Please restate word for word the lines from the top of the entries through the line that contains "Casa quadrilocale in", and do not include any pictures.

[SOURCE RECORDS Boundary: Start]

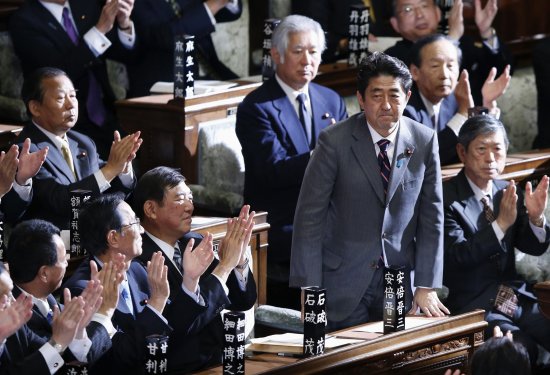 安倍刷新<em>日本首相</em>连续在任纪录，支持率却降至执政以来最低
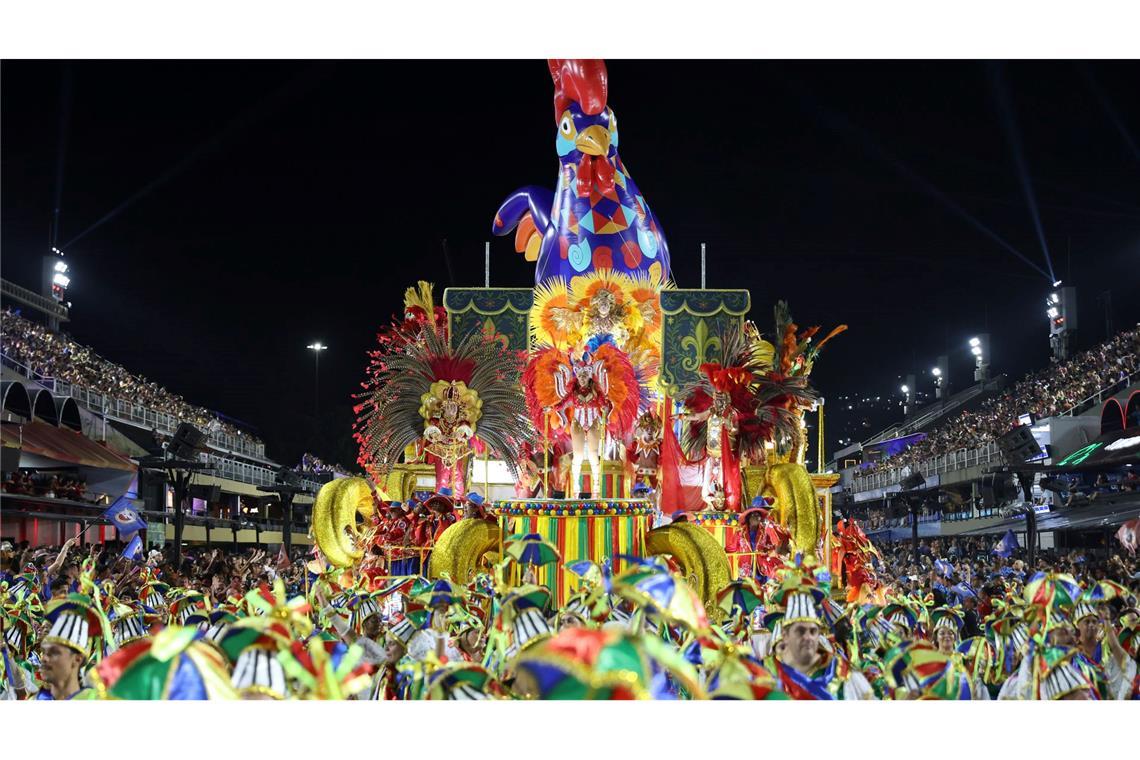 Tänzerinnen und Tänzer der Sambaschule "Inocentes de Belford Roxo" treten im Sambodrom auf.
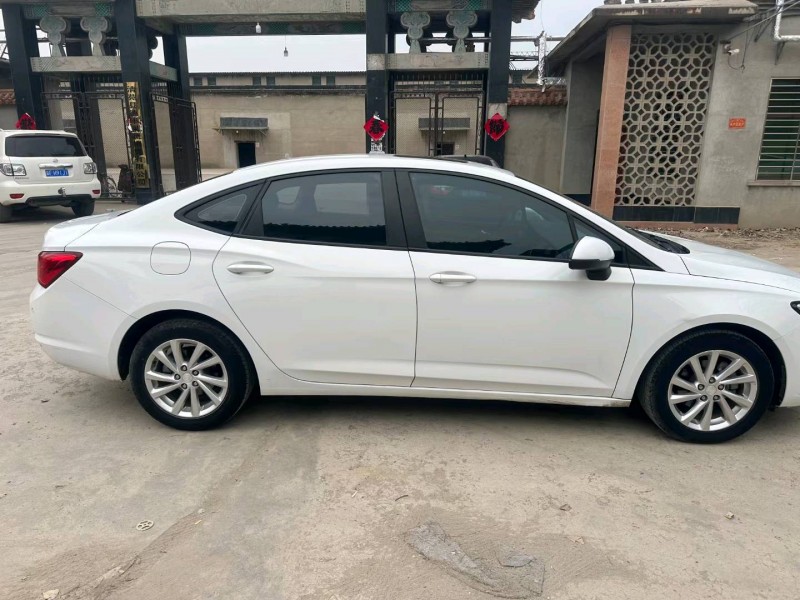 保定19年别克威朗2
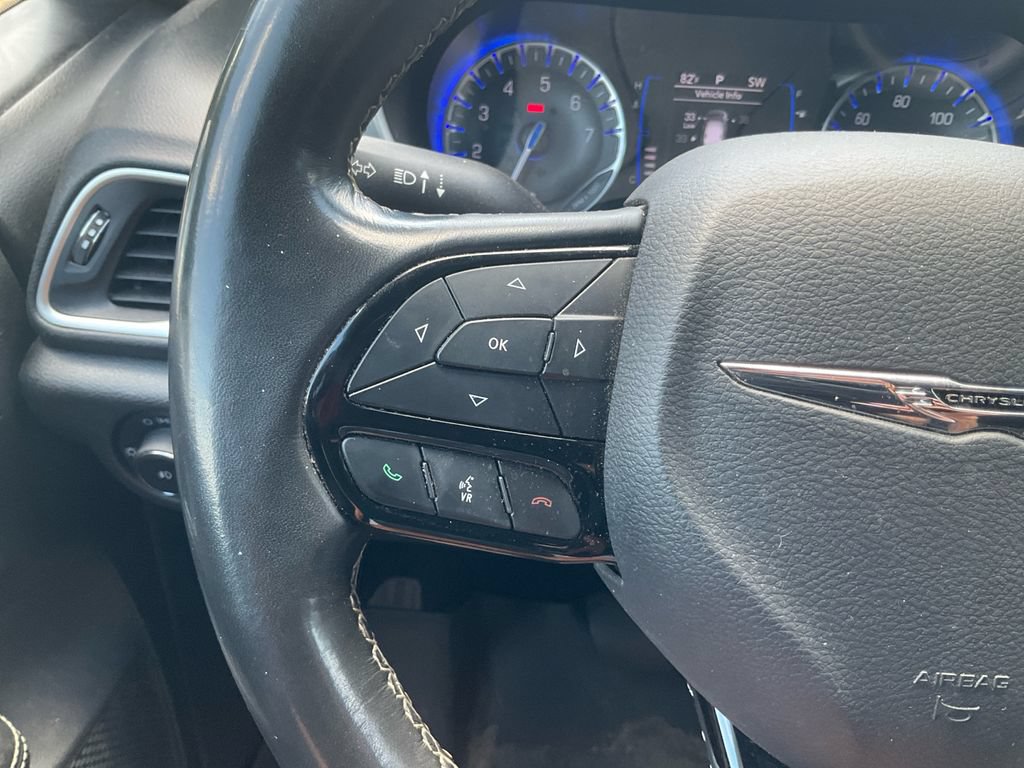 Used 2020 Chrysler Pacifica Touring w/ S Appearance Package FWD image 18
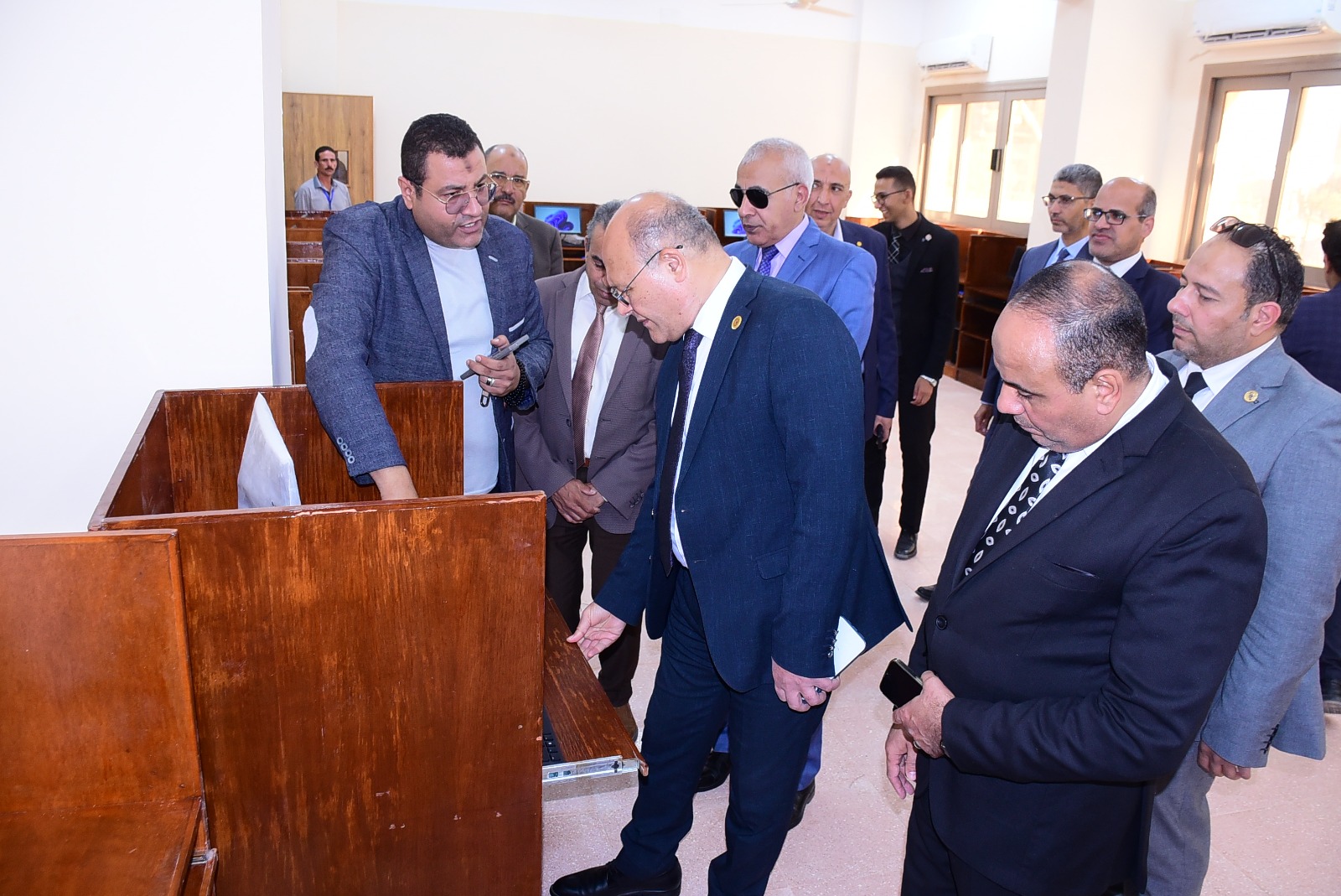 رئيس الجامعة بالمعمل 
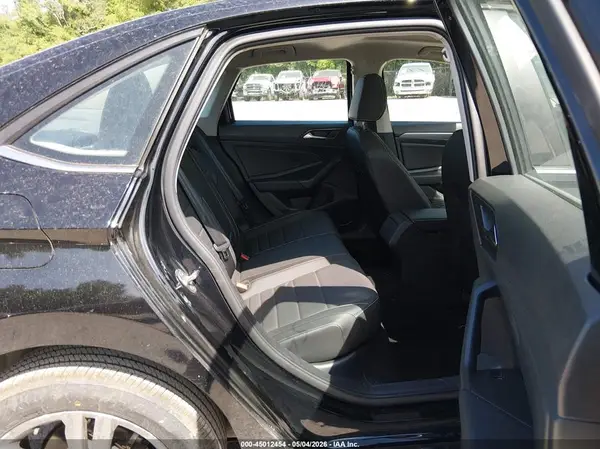 3VW7M7BU3RM004532 2024 VOLKSWAGEN JETTA - Image 8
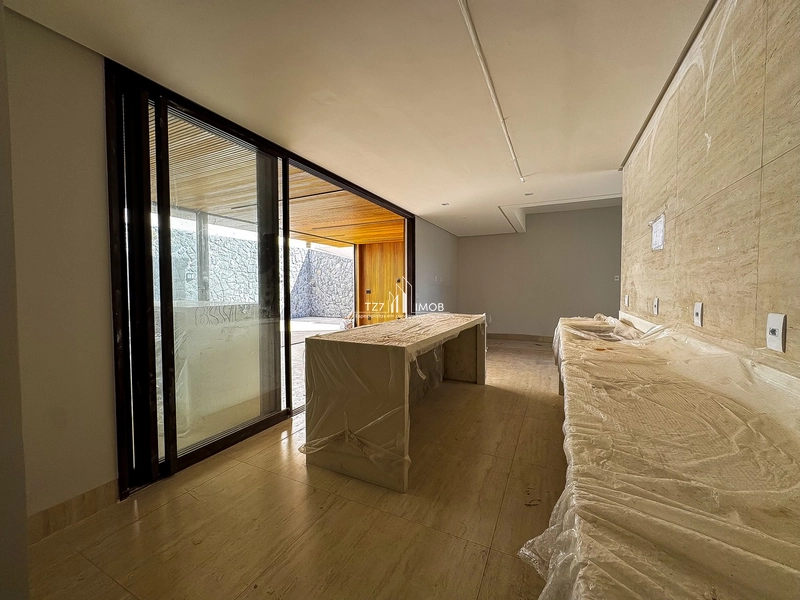 Triplex com 4 suítes plenas, incluindo uma master com closet.: 9ª foto da galeria de imagens do imóvel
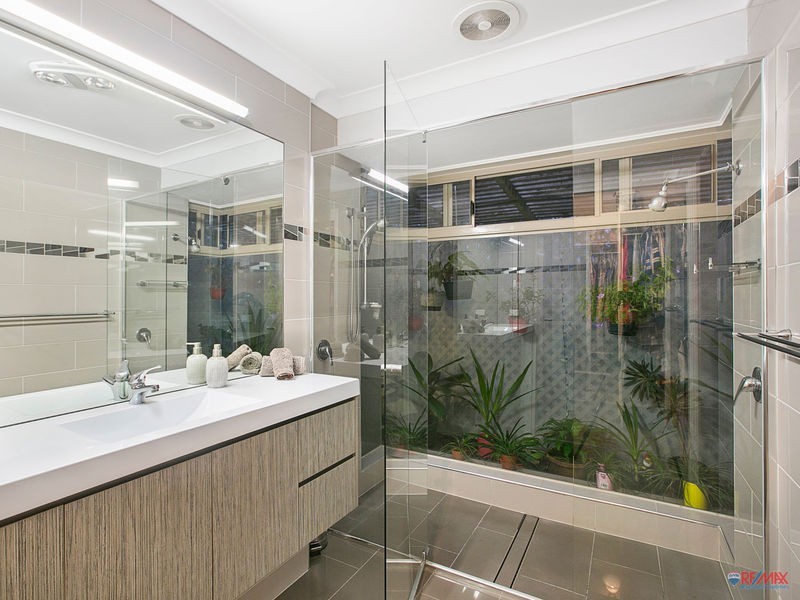 16 Tipuana Drive, Capalaba QLD 4157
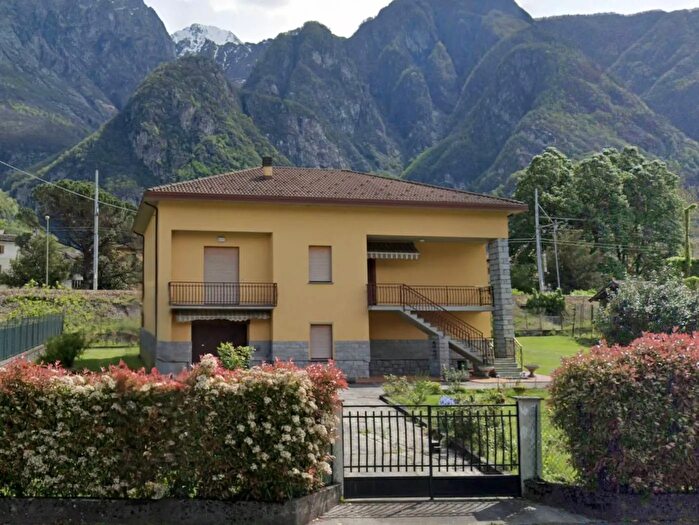 Casa quadrilocale in vendita in Strada Statale del Lago di Como E dello Spluga Novate Mezzola, Novate Mezzola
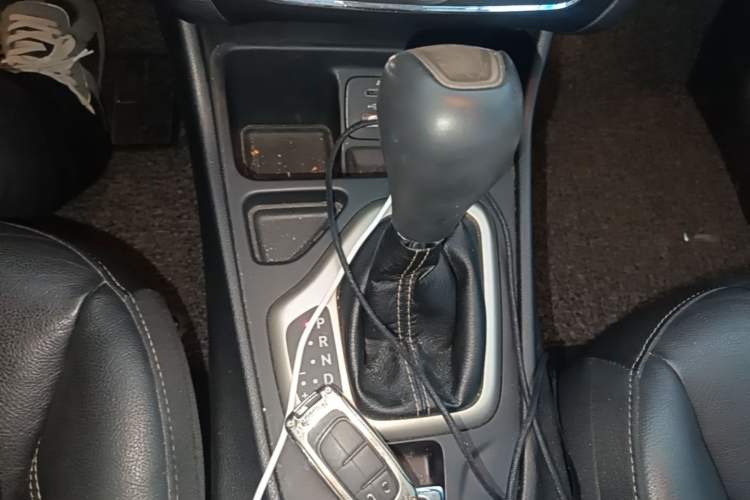 Used Jeep Cherokee 2017 2.0L Superior Edition Gear Lever
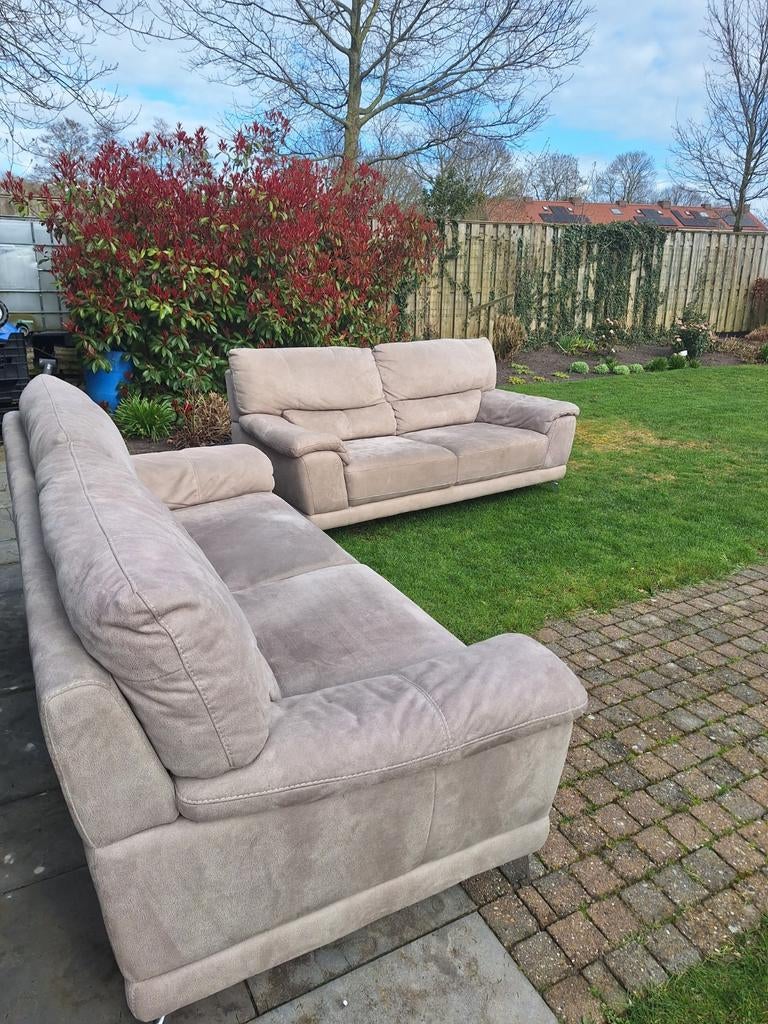 Twee banken: 3-zits en 2.5-zits, Ophalen, Gebruikt, 75 tot 100 cm, 200 tot 250 cm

[SOURCE RECORDS Boundary: End]

RESULT FOR THIS EXERCISE
 安倍刷新<em>日本首相</em>连续在任纪录，支持率却降至执政以来最低
 Tänzerinnen und Tänzer der Sambaschule "Inocentes de Belford Roxo" treten im Sambodrom auf.
 保定19年别克威朗2
 Used 2020 Chrysler Pacifica Touring w/ S Appearance Package FWD image 18
 رئيس الجامعة بالمعمل 
 3VW7M7BU3RM004532 2024 VOLKSWAGEN JETTA - Image 8
 Triplex com 4 suítes plenas, incluindo uma master com closet.: 9ª foto da galeria de imagens do imóvel
 16 Tipuana Drive, Capalaba QLD 4157
 Casa quadrilocale in vendita in Strada Statale del Lago di Como E dello Spluga Novate Mezzola, Novate Mezzola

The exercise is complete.